A man has been charged in connection with the death of queer journalist Joe Drennan, who died in a hit-and-run incident in October.
Drennan, 21, was a student at the University of Limerick in Ireland and a journalist for GCN (Gay Community News), regularly covering Irish activism and LGBTQ+ pop culture stories.
Drennan had been waiting at a bus stop in Limerick on Friday, 13 October 2023 at around 9.30pm when he was hit by a car and killed. The driver of the car failed to remain at the scene.
A Limerick man has been charged in connection with the death of journalist Joe Drennan in a fatal hit-and-run.(NurPhoto/Getty Images)

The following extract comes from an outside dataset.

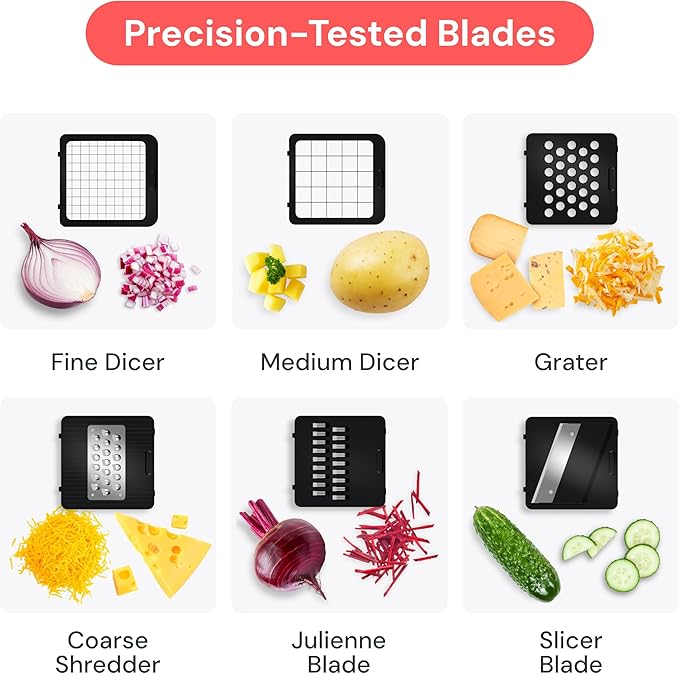 Fullstar Mandoline Slicer for Kitchen - Vegetable Chopper, Onion Potato Food Veggie Fruit Slicer and Cutter with Container, Kitchen Gadgets & Accessories, Home Essentials (6-in-1, Gray/Green)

Suspect Kieran Fogarty, 20, was arrested by Gardai (Irish police) on Tuesday morning, (16 January), brought before Limerick District Court, and charged with dangerous driving causing the death of Drennan, as well as driving without insurance or a license, the Irish Examiner reports.
Later that same day at a bail hearing, the court heard from Detective Shane O’Neill who described how, moments before the hit-and-run incident, Fogarty was witnessed driving a BMW “dangerously” and “at speed”.

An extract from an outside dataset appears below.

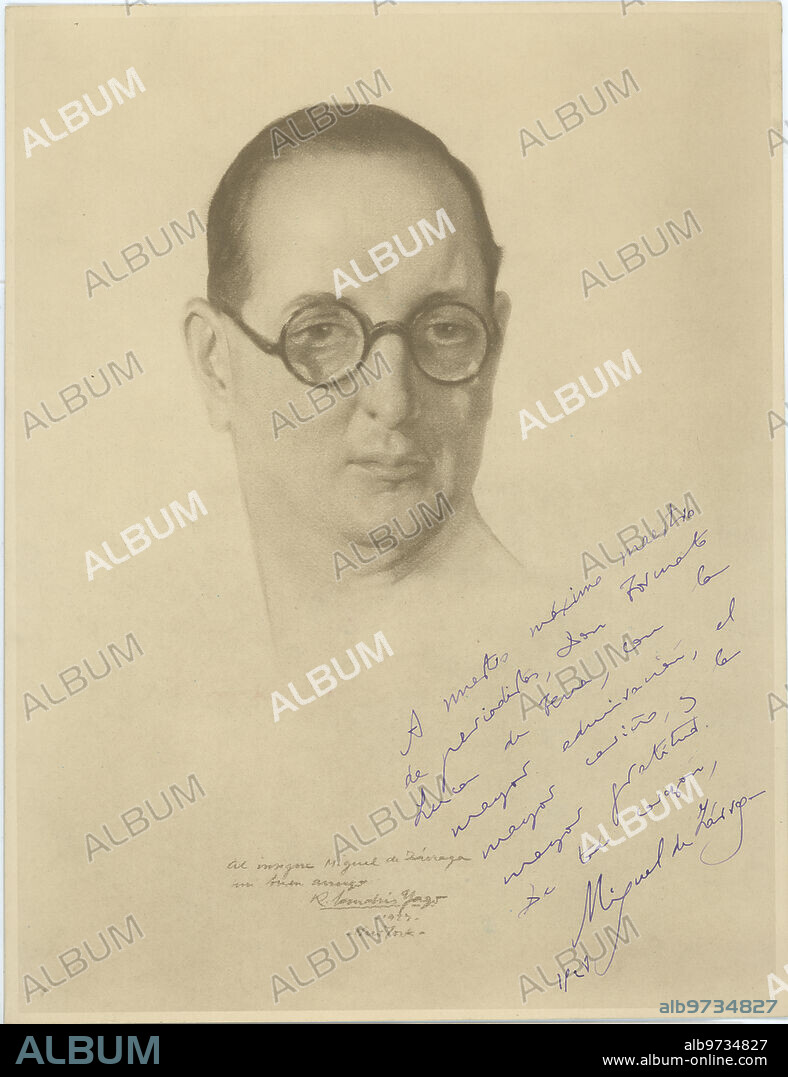 1928. Photograph of the portrait that Rafael Sanchís Yago made of Miguel de Zárraga, dedicated by the journalist to Don Torcuato Luca de Tena.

O’Neill said that the BMW “driven by Kieran Fogarty” overtook a patrol car at speed, prompting officers to activate the car’s sirens and follow him from a “safe distance,” The Journal reports.
He went on to describe how the BMW ran a red light and collided with a white Volkswagen car, injuring the driver and front seat passenger.
Detective O’Neill alleged that Fogarty then “lost control” of the car and mounted a kerb near a bus stop, fatally hitting Joe Drennan.
Kieran Fogarty has been slapped with three charges in connection with the hit-and-run incident that killed journalist Joe Drennan. (Artur Widak/NurPhoto via Getty)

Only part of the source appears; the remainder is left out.